===== Data for this task

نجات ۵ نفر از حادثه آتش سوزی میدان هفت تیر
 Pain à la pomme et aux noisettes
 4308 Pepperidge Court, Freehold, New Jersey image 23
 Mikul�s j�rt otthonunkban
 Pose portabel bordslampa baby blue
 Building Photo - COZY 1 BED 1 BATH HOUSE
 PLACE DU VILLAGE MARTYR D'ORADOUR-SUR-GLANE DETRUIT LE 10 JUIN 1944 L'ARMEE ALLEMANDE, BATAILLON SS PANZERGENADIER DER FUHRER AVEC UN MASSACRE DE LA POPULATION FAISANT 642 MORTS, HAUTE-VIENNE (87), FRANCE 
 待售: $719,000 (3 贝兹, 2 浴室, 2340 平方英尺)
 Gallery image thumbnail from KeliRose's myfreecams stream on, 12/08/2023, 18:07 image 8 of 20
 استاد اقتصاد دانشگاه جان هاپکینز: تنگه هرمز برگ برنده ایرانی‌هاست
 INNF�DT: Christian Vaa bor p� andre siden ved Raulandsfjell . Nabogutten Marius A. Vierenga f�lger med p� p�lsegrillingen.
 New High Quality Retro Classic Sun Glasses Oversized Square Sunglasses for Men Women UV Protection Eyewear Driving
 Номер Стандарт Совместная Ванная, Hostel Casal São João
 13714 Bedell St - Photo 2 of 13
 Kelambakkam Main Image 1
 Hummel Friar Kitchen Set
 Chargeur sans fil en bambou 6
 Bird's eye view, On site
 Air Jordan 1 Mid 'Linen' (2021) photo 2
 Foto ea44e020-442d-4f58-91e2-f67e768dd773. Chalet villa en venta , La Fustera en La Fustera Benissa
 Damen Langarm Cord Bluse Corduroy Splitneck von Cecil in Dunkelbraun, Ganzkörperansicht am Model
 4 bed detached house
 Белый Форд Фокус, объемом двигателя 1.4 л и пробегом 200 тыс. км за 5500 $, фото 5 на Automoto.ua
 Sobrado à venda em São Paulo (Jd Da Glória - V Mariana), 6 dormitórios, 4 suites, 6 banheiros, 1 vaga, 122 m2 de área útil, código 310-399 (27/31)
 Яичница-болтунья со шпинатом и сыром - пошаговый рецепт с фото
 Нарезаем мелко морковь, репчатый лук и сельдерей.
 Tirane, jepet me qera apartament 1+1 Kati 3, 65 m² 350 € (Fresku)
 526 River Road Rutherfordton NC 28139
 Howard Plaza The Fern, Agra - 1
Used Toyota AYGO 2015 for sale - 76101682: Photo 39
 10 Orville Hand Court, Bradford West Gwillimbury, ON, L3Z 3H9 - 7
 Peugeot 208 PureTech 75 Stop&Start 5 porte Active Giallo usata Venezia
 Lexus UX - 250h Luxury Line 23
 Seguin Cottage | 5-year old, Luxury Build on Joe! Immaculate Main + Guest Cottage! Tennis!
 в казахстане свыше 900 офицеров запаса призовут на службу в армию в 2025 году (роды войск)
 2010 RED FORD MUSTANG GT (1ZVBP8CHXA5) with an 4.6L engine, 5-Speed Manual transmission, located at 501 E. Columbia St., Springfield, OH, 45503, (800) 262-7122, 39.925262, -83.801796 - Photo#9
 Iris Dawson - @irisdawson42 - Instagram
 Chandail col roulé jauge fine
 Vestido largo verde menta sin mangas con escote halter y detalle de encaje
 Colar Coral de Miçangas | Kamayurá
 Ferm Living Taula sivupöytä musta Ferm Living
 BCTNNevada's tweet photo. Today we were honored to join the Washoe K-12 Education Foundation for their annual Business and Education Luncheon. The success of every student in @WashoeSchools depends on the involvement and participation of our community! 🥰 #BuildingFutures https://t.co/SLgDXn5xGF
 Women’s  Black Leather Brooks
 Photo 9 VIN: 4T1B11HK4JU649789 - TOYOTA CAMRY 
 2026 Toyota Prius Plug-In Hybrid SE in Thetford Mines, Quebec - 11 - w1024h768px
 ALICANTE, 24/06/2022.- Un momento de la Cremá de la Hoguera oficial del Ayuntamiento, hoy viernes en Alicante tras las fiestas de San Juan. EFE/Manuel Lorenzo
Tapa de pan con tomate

==========

Problem details »
This task needs one value: the number of lines in the material above that contain the word "Luxury".

Result of this task »
2